Creo que el fervor de mi respuesta, aquella irrebatible llamada del destino que habló a través de mí, golpeó físicamente a Papa, quien por unos momentos no pudo hacer más que contemplar fijamente las grietas de los adoquines que tenía bajo sus pies, agarrándose a la pequeña Zainab en busca de fuerzas. Pero, pasado cierto tiempo, levantó la cabeza. Era un buen hombre, mi Papa.
—Tiene usted mi palabra, madame Mallory. Hassan, trabajarás en la cocina de Le Saule Pleureur.

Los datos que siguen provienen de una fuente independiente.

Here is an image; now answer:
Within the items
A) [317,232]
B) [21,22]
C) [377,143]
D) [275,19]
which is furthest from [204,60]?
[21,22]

La alegría que sentí fue como esa increíble explosión de nata cuando muerdes una lionesa. Pero Mallory no mostró la arrogante sonrisa del vencedor en sus labios, sino algo humilde, algo que expresaba alivio y un sombrío agradecimiento y, de alguna manera, el reconocimiento del sacrifìcio que había hecho mi padre. Creo que Papa lo apreció, porque se plantó solidamente ante ella para guardar el equilibrio y le ofreció sus manos extendidas.
Recuerdo muy bien el momento en que la mujer puso sus manos en las de él y Papa tiró de ella para ponerla en pie con un gruñido, y cómo mi maitresse, despacio y con un crujido de huesos, se levantó de su silla en el patio. Eso también lo recuerdo.
Así, al día siguiente, la tía y Mehtab me ayudaron a empaquetar mis cosas y crucé la calle. Una gran emoción me embargaba en aquel viaje de diez metros que hice con la maleta de cartón en la mano de un lado al otro del bulevar de Lumière. Ante mí aparecían el sauce llorón espolvoreado de azúcar, las ventanas emplomadas y las cortinas de encaje, la elegante posada donde hasta los combados escalones de madera estaban empapados de la gran tradición francesa. Y allí, de pie en la escalera de piedra de Le Saule Pleureur, con un delantal blanco, me esperaba la taciturna madame Mallory, y junto a ella un amable monsieur Leblanc: una pareja mayor, esperando con los brazos abiertos a su hijo recién adoptado.
Me dirigí hacia ellos, hacia mi nuevo hogar y al aprendizaje que tendría que llevar a cabo como estudiante de cocina francesa y como servidor de la cocina. Detrás de mí quedaba el mundo de donde había venido: la pequeña Zainab y una Ammi de ojos llorosos, castañolas al estilo tikka y cerveza Kingfisher, las lamentaciones de Hariharan, el kadai caliente escupiendo aceite, y los guisantes, el jengibre y la guindilla.
Cuando, en las puertas de hierro, pasé por delante de Papa, como es deber de cada nueva generación, él lloraba sin pudor y se secó la cara, afligida por la pena, con un pañuelo blanco. Y recuerdo, como si fuera ayer mismo, sus palabras cuando me fui.
—Recuerda, dulce muchacho, eres un Haji. Recuérdalo siempre. Un Haji.
En cuanto a metros, era un viaje muy pequeño, pero era como si estuviera saltando de un universo a otro, con la luz de los Alpes iluminando mi camino.